The gamesmanship card had been played when de Kock arrived in the middle shortly before lunch as Patel was given the last over of the session to target the man he had removed in the previous four innings. This time, despite the occasional hairy moment as de Kock refused to be dominated, he came through either side of lunch and then started to cut loose against the quicks.
He upper cut Tim Southee over the slips for six and hooked Wagner onto the grass banks. At one stage, as he negotiated Patel, de Kock had 17 off 33 balls but then skipped to his half-century from 55 deliveries as the mood of the day swung back to South Africa. The short-pitched approach did not fluster him – it was arguably over-done – and Kane Williamson was soon on the retreat – a packed slip cordon replaced by scouts on the boundary.
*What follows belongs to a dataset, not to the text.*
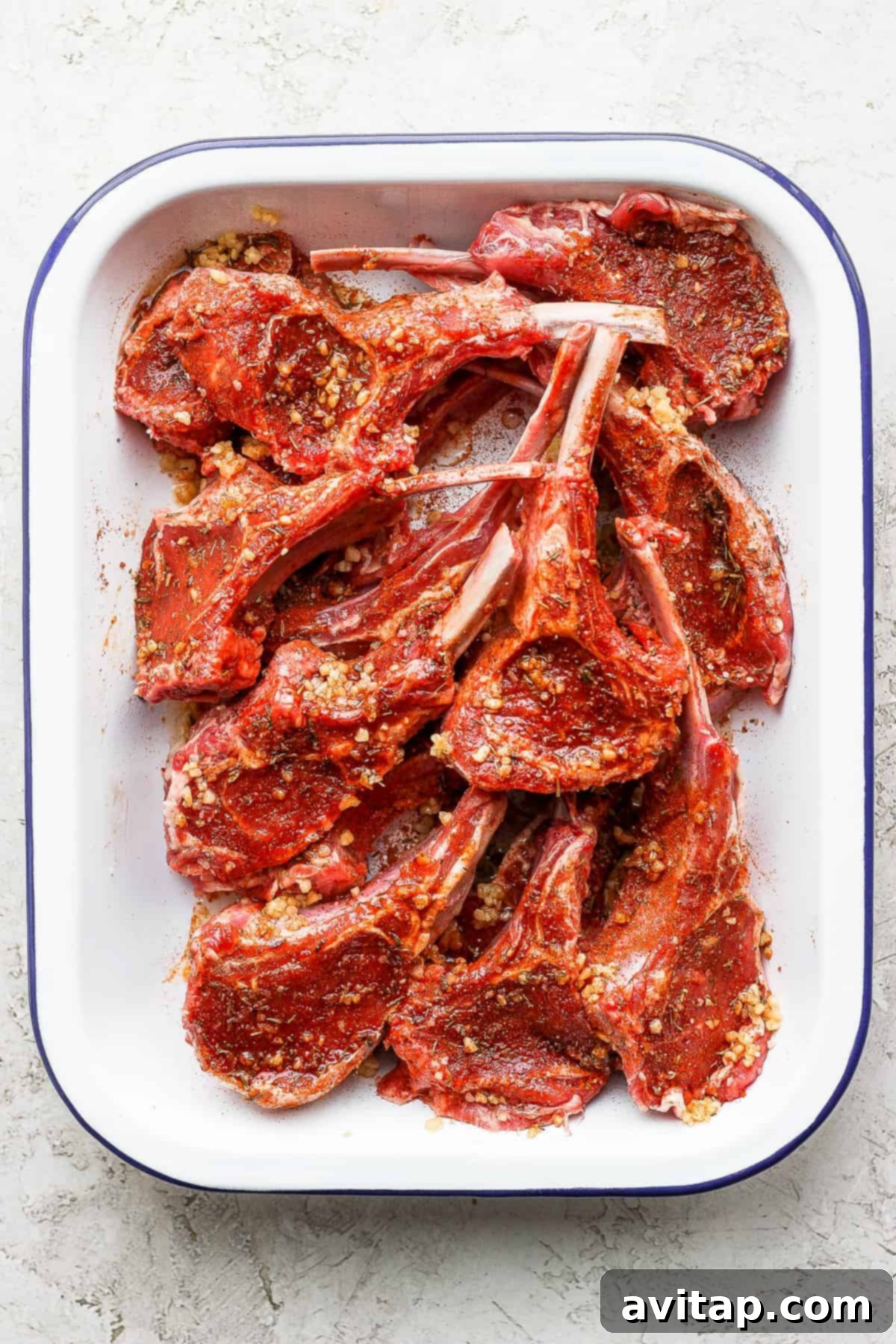 raw lamb chops seasoned with a dry rub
When Patel returned for a second spell before tea, de Kock skipped down the pitch and deposited him straight down the ground. No doubt about the winner this time. He was nine away from a fourth Test hundred when he pushed out at a delivery from James Neesham, who produced a wholehearted burst shortly before the new ball, at a time when New Zealand were looking a little short of ideas.
Bavuma took a backseat once de Kock found his stride after coming through an early trial from the short ball. He had one fortunate moment when he spliced a pull which lobbed over mid-on as de Grandhomme lost his footing. As the afternoon progressed, having batting in de Kock’s slipstream, he became far more assured and moved to his fifty from 88 balls.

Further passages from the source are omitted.